Today chefs around the world, including those in the mobile food industry smoke foods for their special flavors. By manipulating the smoking process, it is possible to create a range of products, both traditional and nontraditional. Besides such perennial favorites as smoked salmon, hams, bacon, and sausages, many unique smoked products are being featured on contemporary menus: smoked chicken salad, smoked tomato broth, even smoked cheeses, fruits, and vegetables.
Several types of smokers are available. The basic features shared by each type of smoker are a smoke source, a smoke chamber where the food is exposed, circulation, and ventilation.
Hardwoods such as hickory, oak, cherry, walnut, chestnut, apple, alder, mesquite, and wood from citrus trees, are good choices for smoking.
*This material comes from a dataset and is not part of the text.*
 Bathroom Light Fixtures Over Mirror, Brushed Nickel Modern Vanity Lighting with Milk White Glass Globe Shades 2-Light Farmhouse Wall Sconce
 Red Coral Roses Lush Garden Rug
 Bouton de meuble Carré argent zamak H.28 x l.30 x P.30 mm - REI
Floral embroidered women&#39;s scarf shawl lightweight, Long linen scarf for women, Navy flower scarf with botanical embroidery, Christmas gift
They produce a rich, aromatic smoke with proportionately few of the particles that make smoked foods taste sooty or bitter. Soft woods, such as pine, burn hot and fast with too much tar, making them unsuitable for smoking foods. In addition to various hardwoods, other flammable materials can be used. Teas, herb stems, whole spices, grapevine clippings, corn husks, fruit peels (such as orange and apple), and peanut shells can be added to the smoker to give a special flavor.
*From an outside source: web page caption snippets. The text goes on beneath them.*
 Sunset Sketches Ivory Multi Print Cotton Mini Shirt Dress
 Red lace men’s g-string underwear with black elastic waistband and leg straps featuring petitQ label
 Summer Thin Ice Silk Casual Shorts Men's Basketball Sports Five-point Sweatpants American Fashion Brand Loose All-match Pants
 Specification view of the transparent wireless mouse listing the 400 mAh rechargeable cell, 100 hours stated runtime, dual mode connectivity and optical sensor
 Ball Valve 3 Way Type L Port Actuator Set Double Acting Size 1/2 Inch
Wood for smoking can be purchased in chunks, chips, or sawdust. If you use a wood-burning oven to create smoke-roasted specialties, you can use larger pieces of wood, available for purchase by the bundle, truckload, or cord. Make the effort to purchase woods from a reputable source. You should be certain that the wood is free of contaminants such as oil or chemicals. Never use pressure-treated wood under any circumstances as it is so poisonous its intake could cause death.
Before cured foods are smoked, they should be allowed to air-dry long enough to form a tacky skin, known as a pellicle. The pellicle plays a key role in producing excellent smoked items. It acts as a kind of protective barrier for the food, and also plays an important role in capturing the smoke’s flavor and color.
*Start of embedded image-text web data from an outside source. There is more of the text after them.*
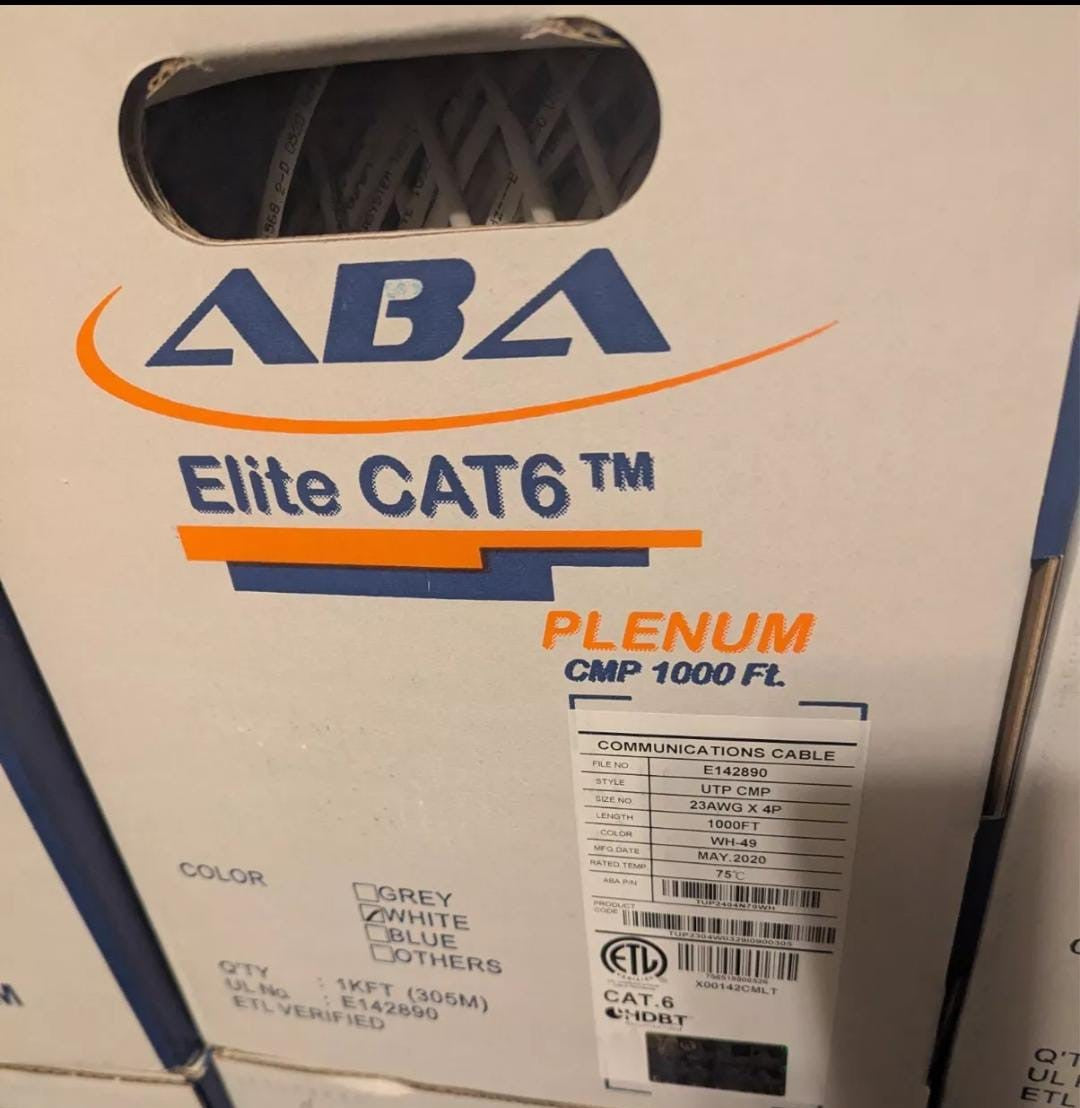 Stack of ABA Elite CAT6 Plenum 1000ft ethernet cable boxes in a warehouse setting.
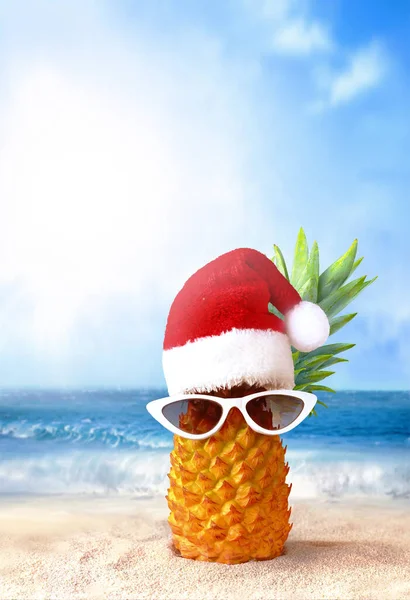 One Pineapple Red Santa Claus Hat Sunglasses Sand Tropical Beach — Fotografia de Stock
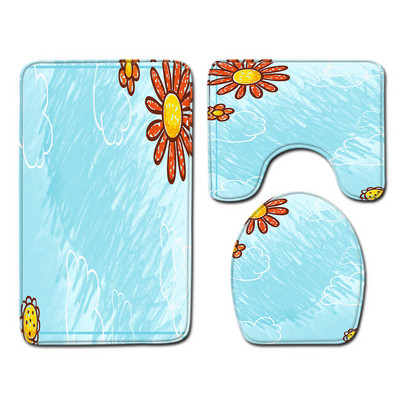 Zeegle tiskani kupaonski set prostirki za kupaonicu Poklopac poklopca za upijanje vode WC Podna prostirka za tuš kabinu Prostirka za kupaonsku dekoraciju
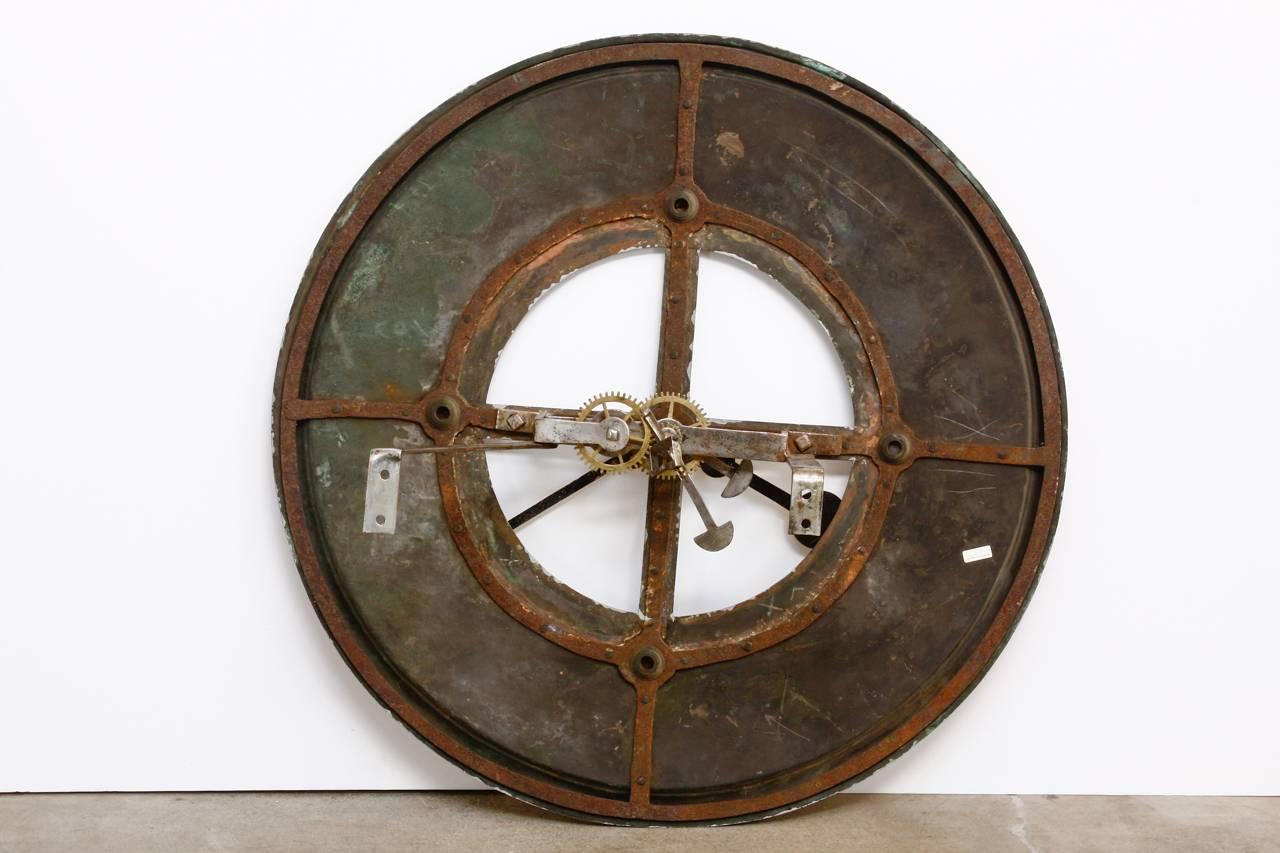 19th Century Large English Iron Clock Face with Gears 1
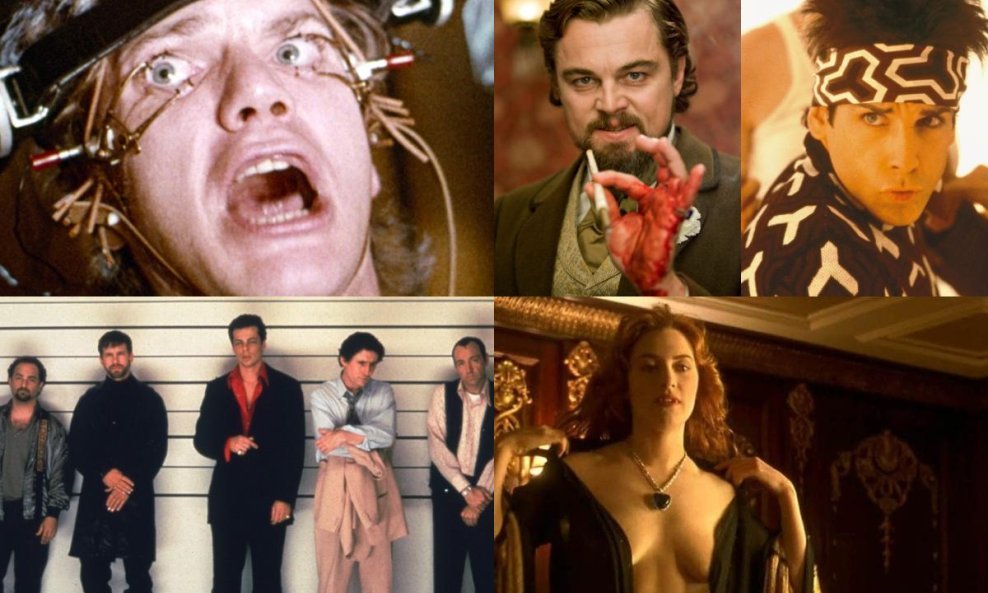 'Paklena naranča', 'Odbjegli Django', 'Zoolander', 'Privedite osumnjičene' i 'Titanik'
Most foods can be properly dried by placing them on racks or by hanging them on hooks or sticks. It is important that air be able to flow around all sides. They should be air-dried uncovered, in the refrigerator or a cool room. To encourage pellicle formation, you can place the foods so that a fan blows air over them. The exterior of the item must be sufficiently dry if the smoke is to adhere.